Each line below from the one containing "Rozpinana bluza Seamless" through the one containing "Asiste Toño Astiazarán" is to be given again exactly, and no line outside that span.

──────── RECORDS SHOWN ────────

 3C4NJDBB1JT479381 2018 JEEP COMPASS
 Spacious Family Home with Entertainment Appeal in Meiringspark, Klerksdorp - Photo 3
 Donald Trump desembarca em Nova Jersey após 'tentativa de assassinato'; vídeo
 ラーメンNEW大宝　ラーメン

────────
──────── RECORDS SHOWN ────────

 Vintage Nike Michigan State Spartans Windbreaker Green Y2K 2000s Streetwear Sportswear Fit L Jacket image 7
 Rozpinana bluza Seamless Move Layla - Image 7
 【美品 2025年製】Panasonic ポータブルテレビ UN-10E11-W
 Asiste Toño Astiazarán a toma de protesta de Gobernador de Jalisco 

────────
──────── RECORDS SHOWN ────────

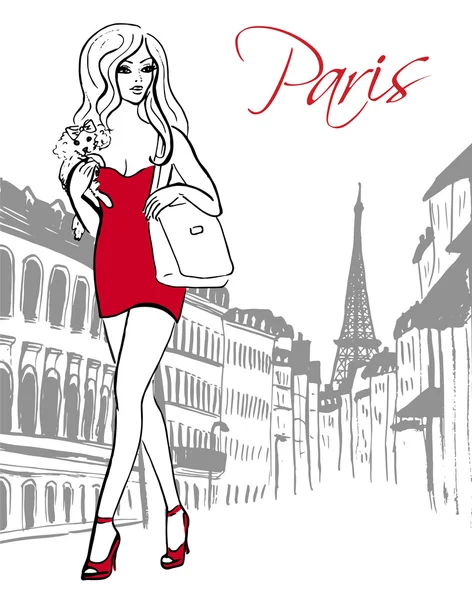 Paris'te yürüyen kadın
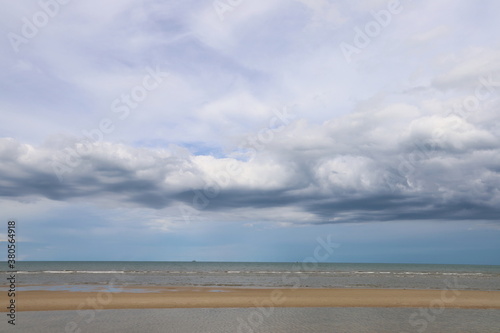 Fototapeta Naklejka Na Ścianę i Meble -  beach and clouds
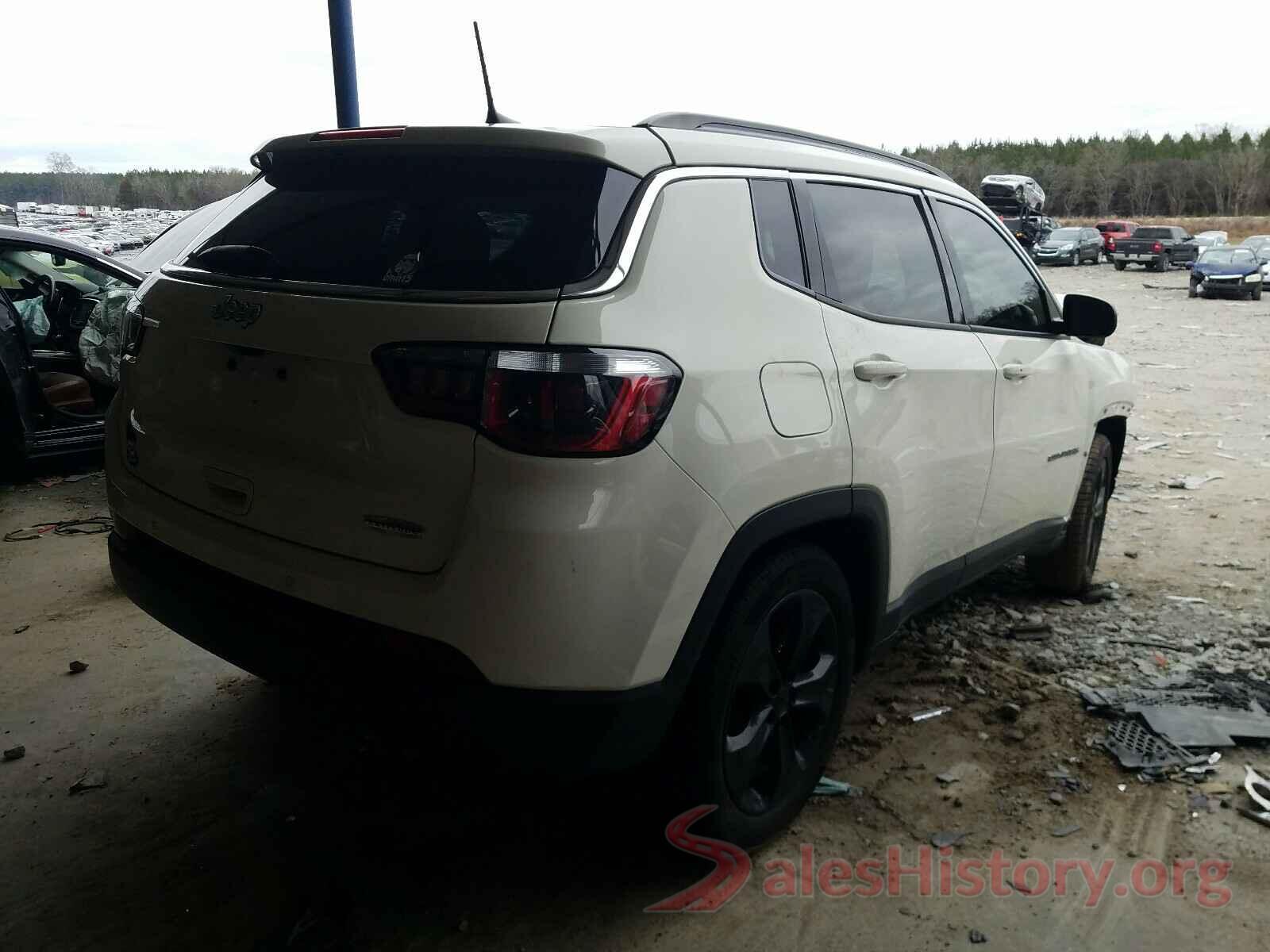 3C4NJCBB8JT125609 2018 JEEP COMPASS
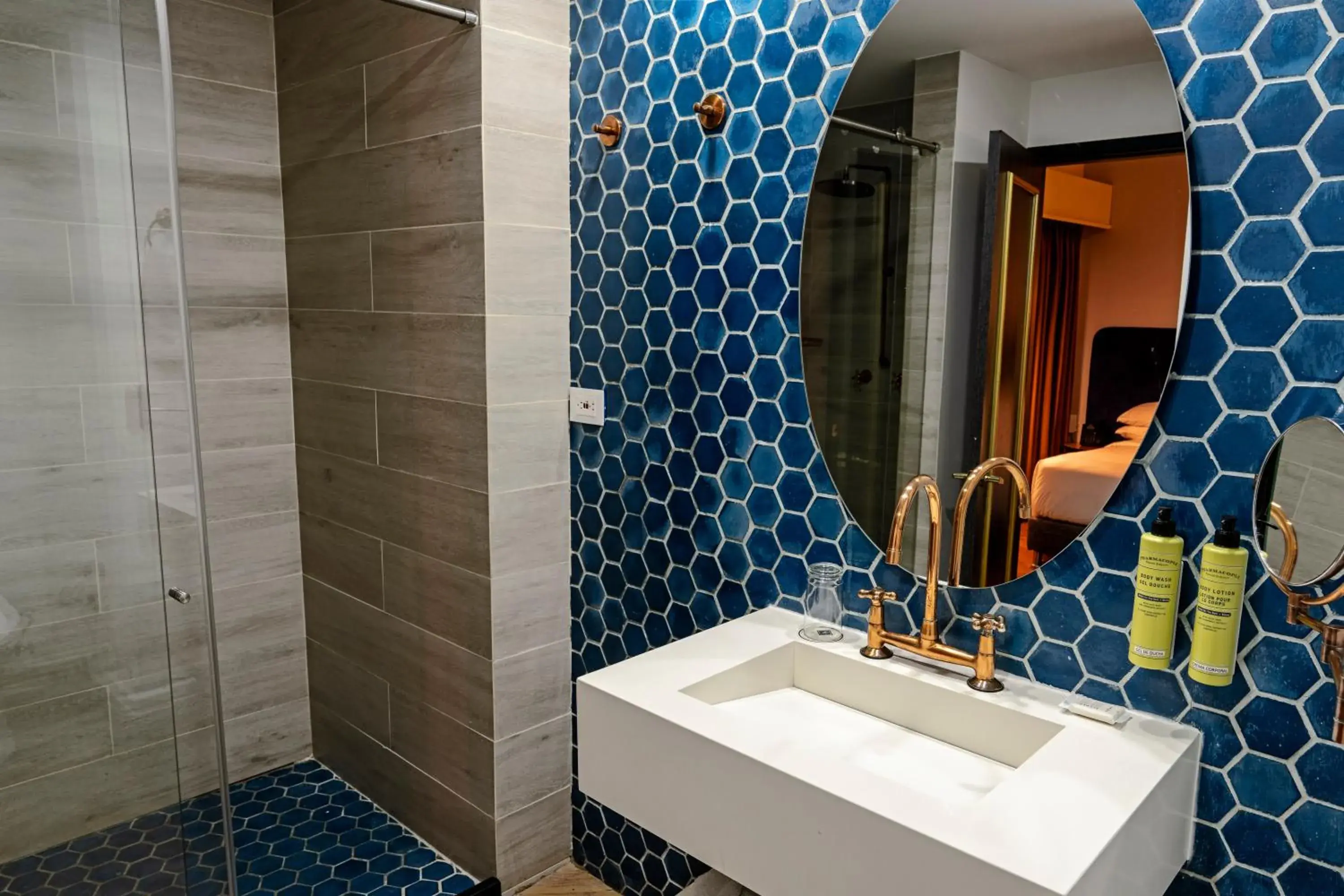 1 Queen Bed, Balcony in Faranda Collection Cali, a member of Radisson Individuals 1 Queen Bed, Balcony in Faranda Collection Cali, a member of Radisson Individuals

────────

OUTPUT OF THE EXERCISE:
 Rozpinana bluza Seamless Move Layla - Image 7
 【美品 2025年製】Panasonic ポータブルテレビ UN-10E11-W
 Asiste Toño Astiazarán a toma de protesta de Gobernador de Jalisco 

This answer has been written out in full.